#### [Exercise goal]
Only one stretch of the data below should be repeated: the lines from the line containing "karpet karet alas" through the line containing "Image à colorier", inclusive, exactly as they are.

#### [Provided data]
####

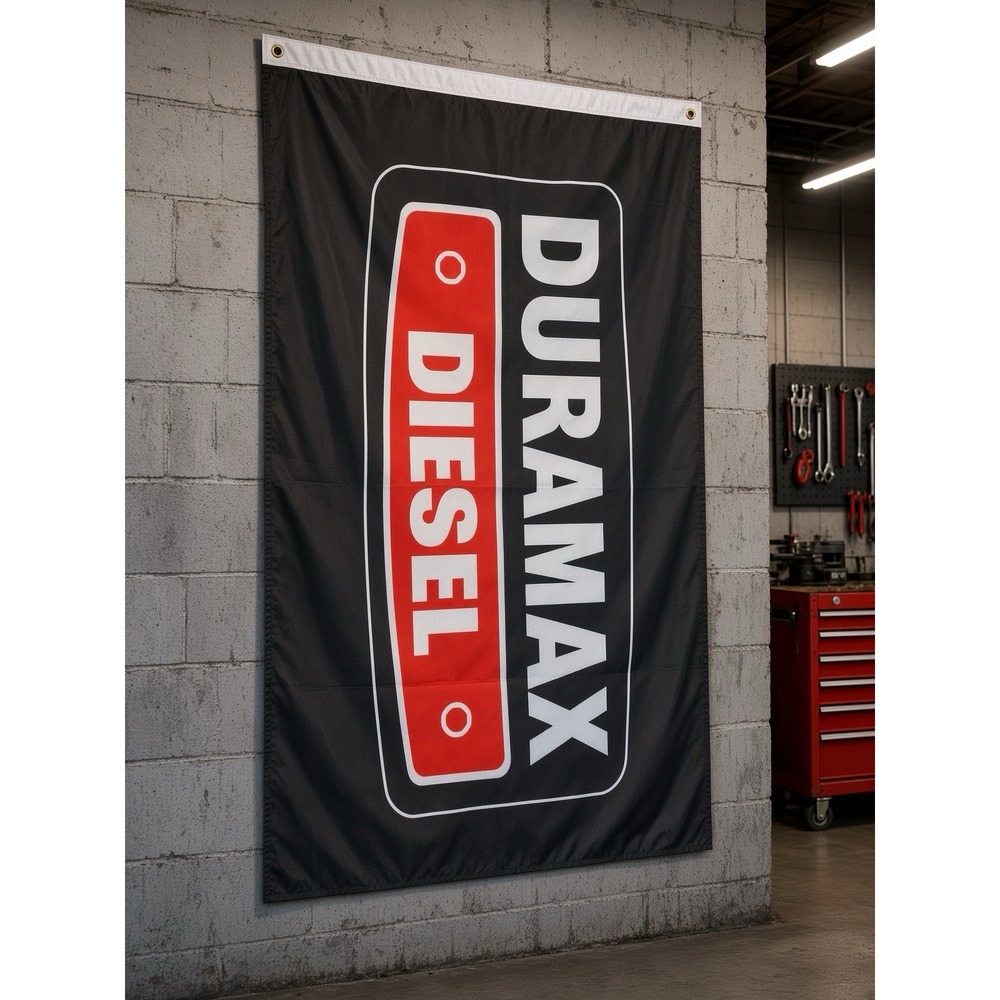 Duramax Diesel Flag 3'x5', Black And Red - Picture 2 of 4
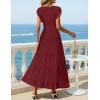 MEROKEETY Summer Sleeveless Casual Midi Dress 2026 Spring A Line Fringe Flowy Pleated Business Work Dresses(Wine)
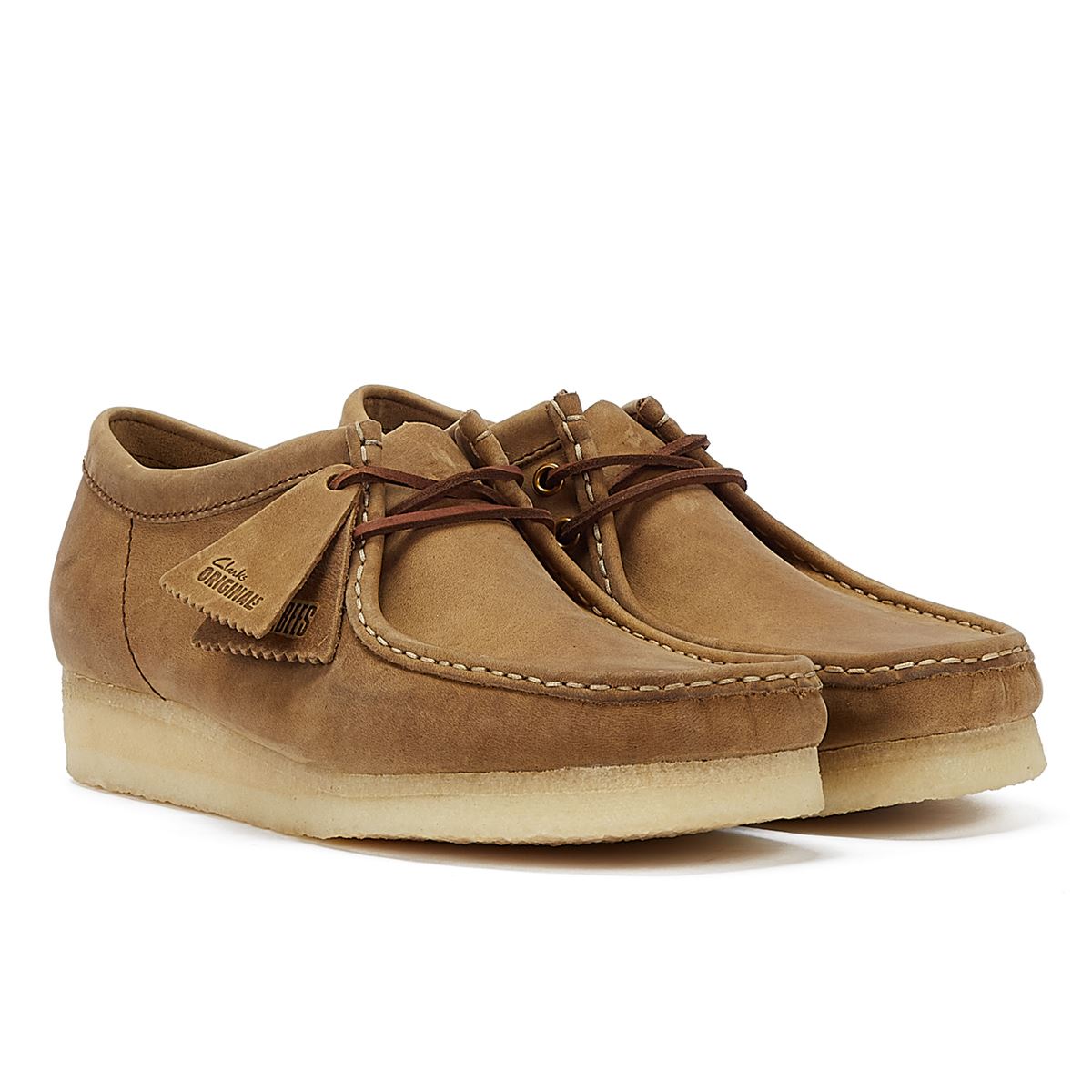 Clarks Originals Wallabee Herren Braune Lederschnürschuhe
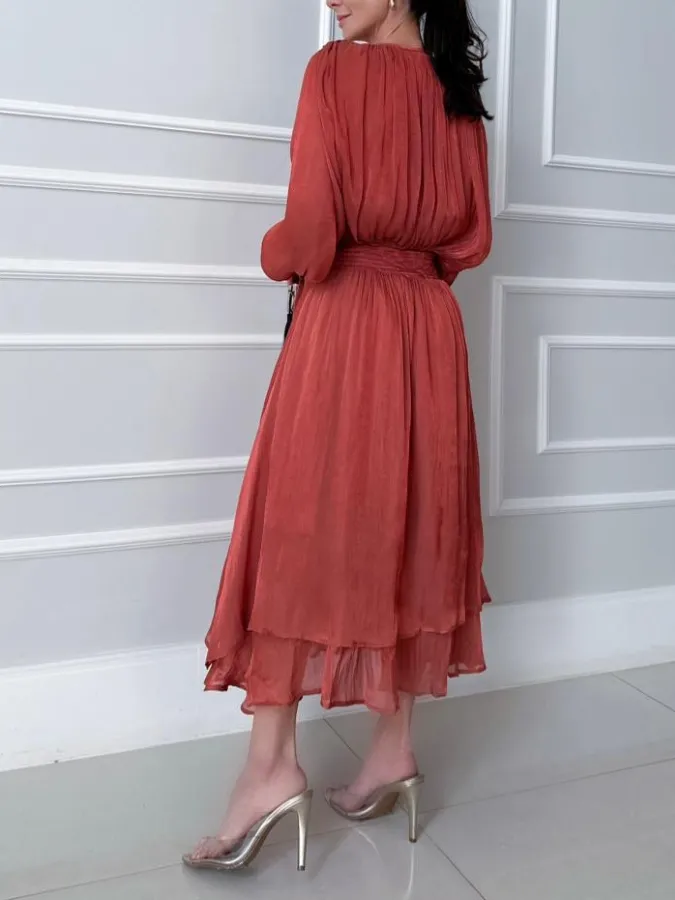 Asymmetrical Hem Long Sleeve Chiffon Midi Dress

####

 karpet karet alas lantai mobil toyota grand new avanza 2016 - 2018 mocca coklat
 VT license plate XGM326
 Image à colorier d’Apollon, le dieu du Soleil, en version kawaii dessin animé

####

#### [Reply to the task]
 karpet karet alas lantai mobil toyota grand new avanza 2016 - 2018 mocca coklat
 VT license plate XGM326
 Image à colorier d’Apollon, le dieu du Soleil, en version kawaii dessin animé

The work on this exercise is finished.